The industrial sector expanded by 7.45 percent, a significant jump from 3.72 percent in Q2 2024, while services grew by 3.94 percent, only slightly better than the 3.83 percent recorded a year earlier.
Overall, the economy’s size at basic prices reached ₦100.73 trillion in nominal terms, compared to ₦84.48 trillion in Q2 2024—translating to 19.23 percent nominal growth. Oil production averaged 1.68 million barrels per day, higher than both the previous quarter’s 1.62 mbpd and the 1.41 mbpd recorded in Q2 2024. Meanwhile, the non-oil economy, which continues to anchor most of Nigeria’s growth, expanded by 3.64 percent and contributed nearly 96 percent of GDP in real terms.
Exceeding IMF and World Bank Expectations
The stronger growth comes just weeks after the International Monetary Fund (IMF) projected a 3.4 percent GDP expansion for Nigeria in 2025, broadly in line with the World Bank’s forecast of 3.6 percent. By delivering 4.23 percent growth in the second quarter alone, the latest data slightly exceeds those annual expectations.
Still, there is a need for caution against drawing firm conclusions too early.
With two more quarters left in the year, much depends on whether oil production sustains recent gains, whether inflationary pressures ease, and whether the non-oil economy maintains momentum.
Tinubu’s 7% Growth Target Looms Large
Despite the stronger Q2 figures, Nigeria remains far from President Bola Tinubu’s ambitious target of 7 percent annual growth by 2027. In August, the president tied this goal to a broader vision of quadrupling the economy by 2030 and lifting millions out of poverty.

Minister of Finance and Coordinating Minister of the Economy, Wale Edun, echoed President Tinubu the next day, saying the medium-term goal is to achieve 7 percent in annual GDP growth, driven by critical investments by government, private investment, job creation, and higher incomes.
Edun said that to achieve this, Nigeria needed to invest in critical sectors and expand Public Private Partnership (PPP) arrangements across agriculture, educational, health, manufacturing, technology, and infrastructure.
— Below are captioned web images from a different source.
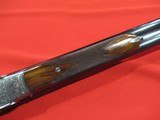 Browning BSS Sidelock 12ga/28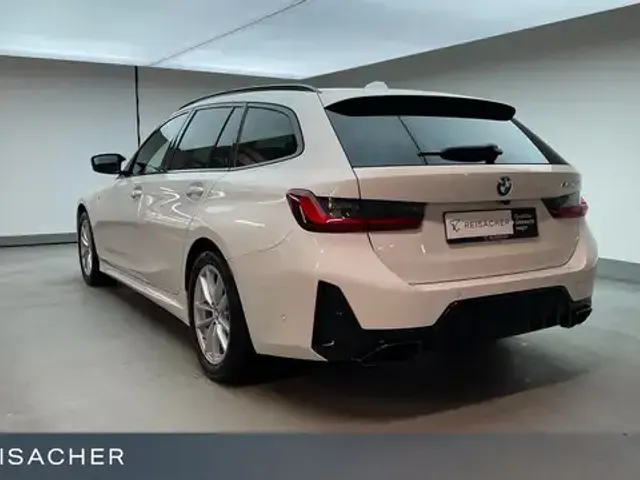 BMW Sonstiges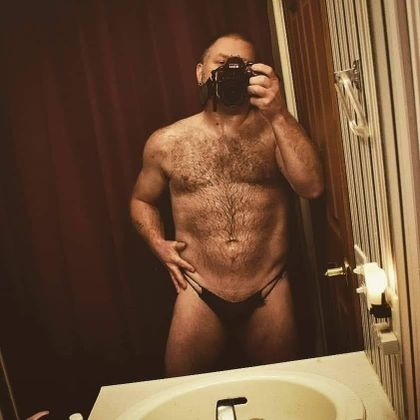 bruci420 OnlyFans picture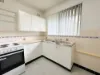 3/16 Thurston Street, Penrith NSW 2750-Image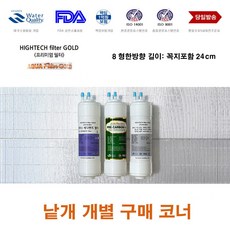 fx23wna-2wa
However, recent trends show how steep the climb will be. The economy grew by just 3.13 percent in the first quarter of 2025, even after a GDP rebasing boosted the country’s official output size to ₦372.82 trillion ($243.55 billion). With growth hovering in the 3–4 percent range over the past decade—barely ahead of population growth of about 2.5–3 percent—the pace of expansion remains insufficient to achieve transformative change.
The Bigger Picture
Nigeria’s Q2 2025 results show that the economy is moving in the right direction, supported by oil sector recovery and resilience in non-oil industries like telecoms, financial services, and construction. But they also highlight the gap between external forecasts, which remain cautious, and government ambitions, which are more optimistic.
FURTHER READING
The months ahead will determine whether the momentum holds and whether Nigeria can convert a quarter of encouraging data into a sustained growth path that narrows the gap between aspiration and reality.